◆ Given data
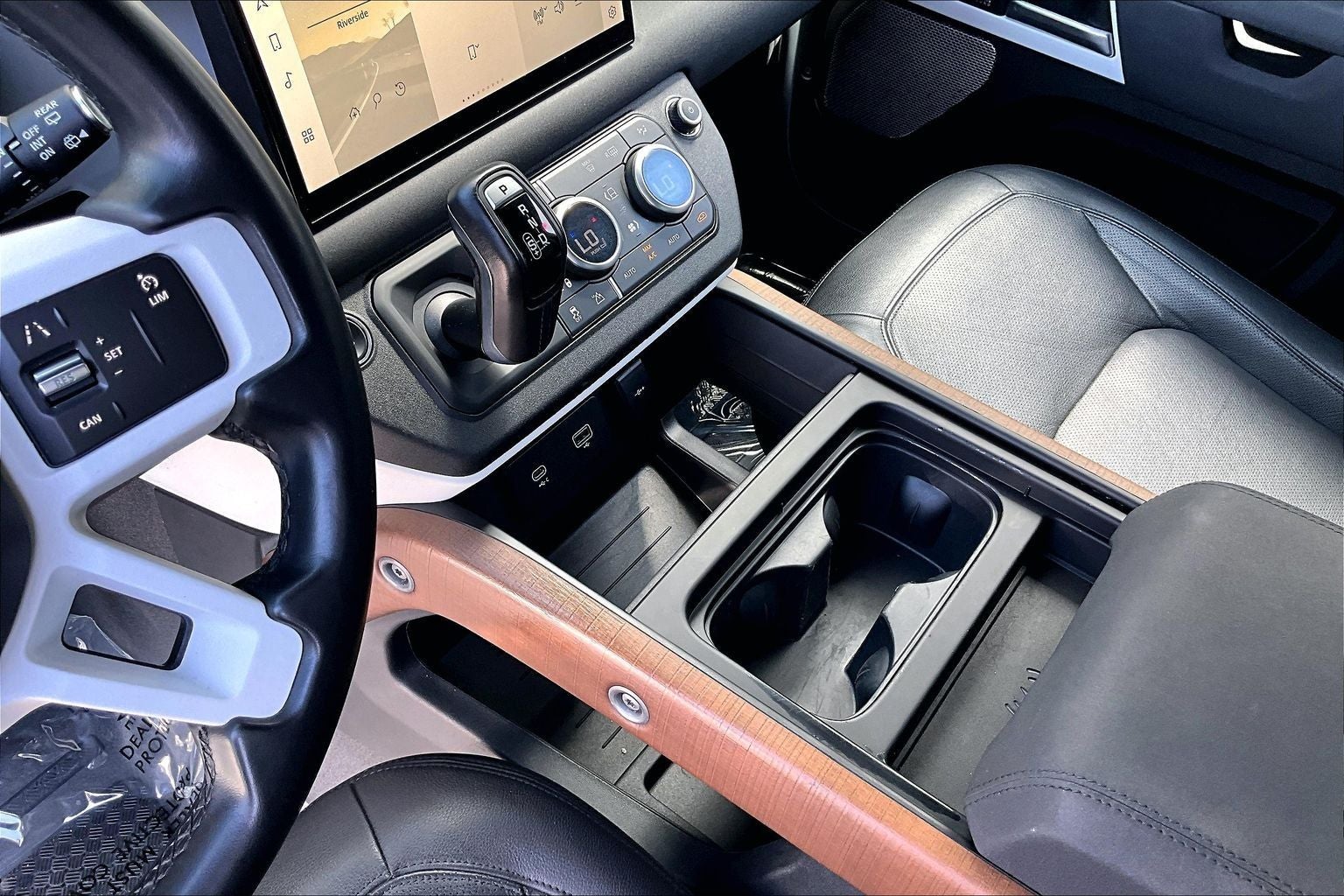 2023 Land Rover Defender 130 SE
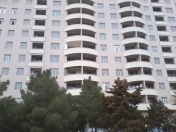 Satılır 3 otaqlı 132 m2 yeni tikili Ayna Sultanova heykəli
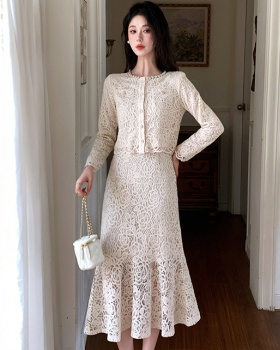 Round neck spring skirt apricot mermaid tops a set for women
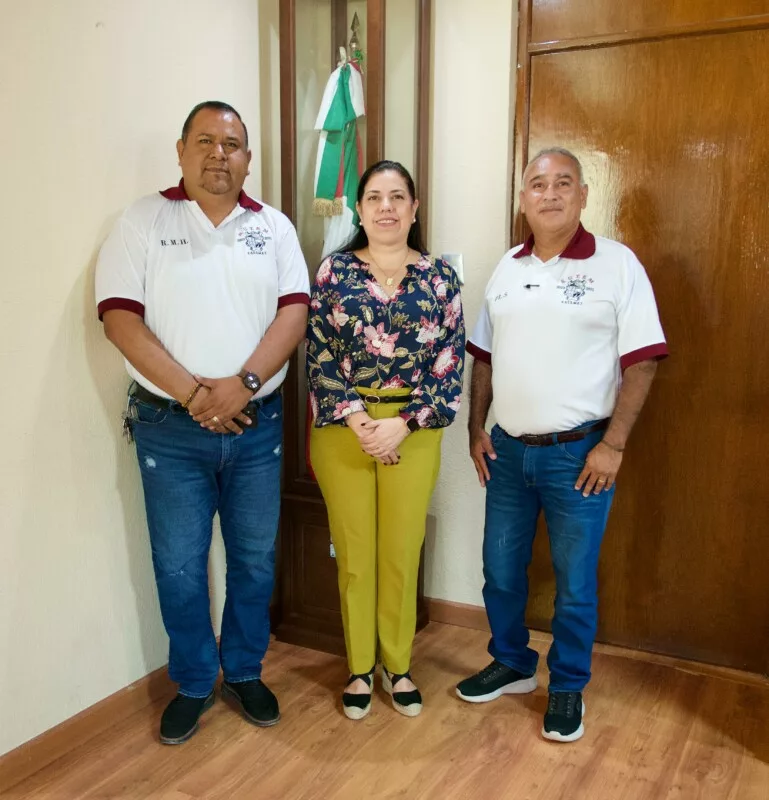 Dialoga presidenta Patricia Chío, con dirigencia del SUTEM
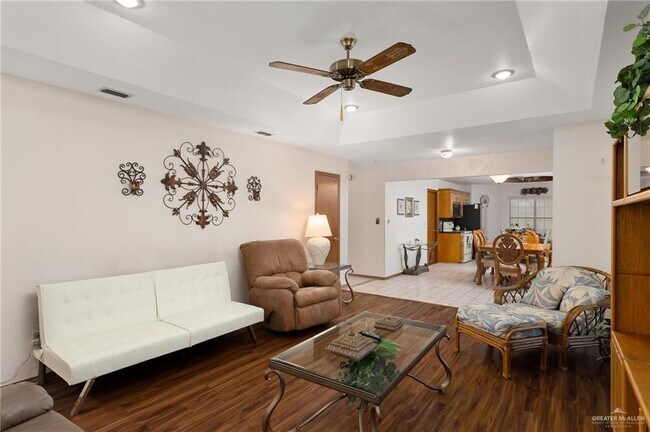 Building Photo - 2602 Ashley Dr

◆ Work task
Begin the copy at the line containing "Dialoga presidenta Patricia" and end it at the final line of the material above, reproducing each line exactly and omitting pictures.

◆ Result for this exercise
 Dialoga presidenta Patricia Chío, con dirigencia del SUTEM
 Building Photo - 2602 Ashley Dr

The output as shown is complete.